## Record extracts
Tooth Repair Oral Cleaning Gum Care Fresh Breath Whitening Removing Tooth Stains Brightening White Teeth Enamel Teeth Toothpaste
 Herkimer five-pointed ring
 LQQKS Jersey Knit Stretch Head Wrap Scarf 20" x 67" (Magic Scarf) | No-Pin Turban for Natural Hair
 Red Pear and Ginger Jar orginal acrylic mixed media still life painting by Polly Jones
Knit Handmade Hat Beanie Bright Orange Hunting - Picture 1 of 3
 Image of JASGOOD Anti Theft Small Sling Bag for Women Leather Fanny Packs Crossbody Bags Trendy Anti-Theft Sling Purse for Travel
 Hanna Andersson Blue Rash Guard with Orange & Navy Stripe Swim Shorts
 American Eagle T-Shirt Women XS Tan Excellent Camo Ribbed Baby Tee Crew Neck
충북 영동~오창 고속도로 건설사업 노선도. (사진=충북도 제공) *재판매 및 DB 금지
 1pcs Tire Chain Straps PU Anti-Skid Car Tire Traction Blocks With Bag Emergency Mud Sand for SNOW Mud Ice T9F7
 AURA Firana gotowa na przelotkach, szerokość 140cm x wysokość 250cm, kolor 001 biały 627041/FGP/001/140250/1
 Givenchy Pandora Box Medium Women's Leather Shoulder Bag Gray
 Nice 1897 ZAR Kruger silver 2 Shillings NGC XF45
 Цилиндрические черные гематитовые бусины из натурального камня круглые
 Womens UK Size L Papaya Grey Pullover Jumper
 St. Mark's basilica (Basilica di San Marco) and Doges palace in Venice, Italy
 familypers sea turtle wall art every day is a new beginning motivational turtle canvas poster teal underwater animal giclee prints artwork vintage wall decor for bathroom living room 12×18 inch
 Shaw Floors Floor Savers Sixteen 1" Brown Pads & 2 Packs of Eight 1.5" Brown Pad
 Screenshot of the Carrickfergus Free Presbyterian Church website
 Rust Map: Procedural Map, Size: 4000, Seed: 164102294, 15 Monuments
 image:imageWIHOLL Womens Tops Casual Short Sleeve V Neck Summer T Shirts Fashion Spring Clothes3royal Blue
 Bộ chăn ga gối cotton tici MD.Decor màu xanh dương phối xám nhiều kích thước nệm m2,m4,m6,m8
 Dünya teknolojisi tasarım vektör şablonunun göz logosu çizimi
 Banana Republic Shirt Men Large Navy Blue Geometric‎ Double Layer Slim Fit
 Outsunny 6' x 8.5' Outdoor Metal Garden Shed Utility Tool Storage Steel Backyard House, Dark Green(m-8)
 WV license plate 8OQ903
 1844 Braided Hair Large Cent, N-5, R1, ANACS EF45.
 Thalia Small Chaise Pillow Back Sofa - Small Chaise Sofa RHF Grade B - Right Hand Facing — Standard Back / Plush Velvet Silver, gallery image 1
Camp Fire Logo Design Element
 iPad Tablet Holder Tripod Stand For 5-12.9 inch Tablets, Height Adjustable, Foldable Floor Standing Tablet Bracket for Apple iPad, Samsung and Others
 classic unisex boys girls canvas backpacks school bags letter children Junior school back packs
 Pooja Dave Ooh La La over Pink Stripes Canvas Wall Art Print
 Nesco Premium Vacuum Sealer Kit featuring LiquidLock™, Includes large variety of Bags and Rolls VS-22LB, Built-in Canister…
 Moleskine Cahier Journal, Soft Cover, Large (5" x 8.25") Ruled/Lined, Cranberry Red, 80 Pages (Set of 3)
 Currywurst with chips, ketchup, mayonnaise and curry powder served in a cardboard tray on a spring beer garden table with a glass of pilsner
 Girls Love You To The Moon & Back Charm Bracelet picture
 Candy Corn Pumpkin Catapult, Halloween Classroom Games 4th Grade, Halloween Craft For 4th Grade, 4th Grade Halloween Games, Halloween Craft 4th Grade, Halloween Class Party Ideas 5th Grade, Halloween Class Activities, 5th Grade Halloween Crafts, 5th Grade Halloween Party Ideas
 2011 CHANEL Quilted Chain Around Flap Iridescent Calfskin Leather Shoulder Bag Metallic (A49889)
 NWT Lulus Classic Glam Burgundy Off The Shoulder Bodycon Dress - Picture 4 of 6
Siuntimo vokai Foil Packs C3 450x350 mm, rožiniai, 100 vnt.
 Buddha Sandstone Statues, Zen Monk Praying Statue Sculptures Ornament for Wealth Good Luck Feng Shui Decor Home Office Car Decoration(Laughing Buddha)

## Task directions
Display each line of the data where "Navy" occurs.

## The completed task
 Hanna Andersson Blue Rash Guard with Orange & Navy Stripe Swim Shorts
 Banana Republic Shirt Men Large Navy Blue Geometric‎ Double Layer Slim Fit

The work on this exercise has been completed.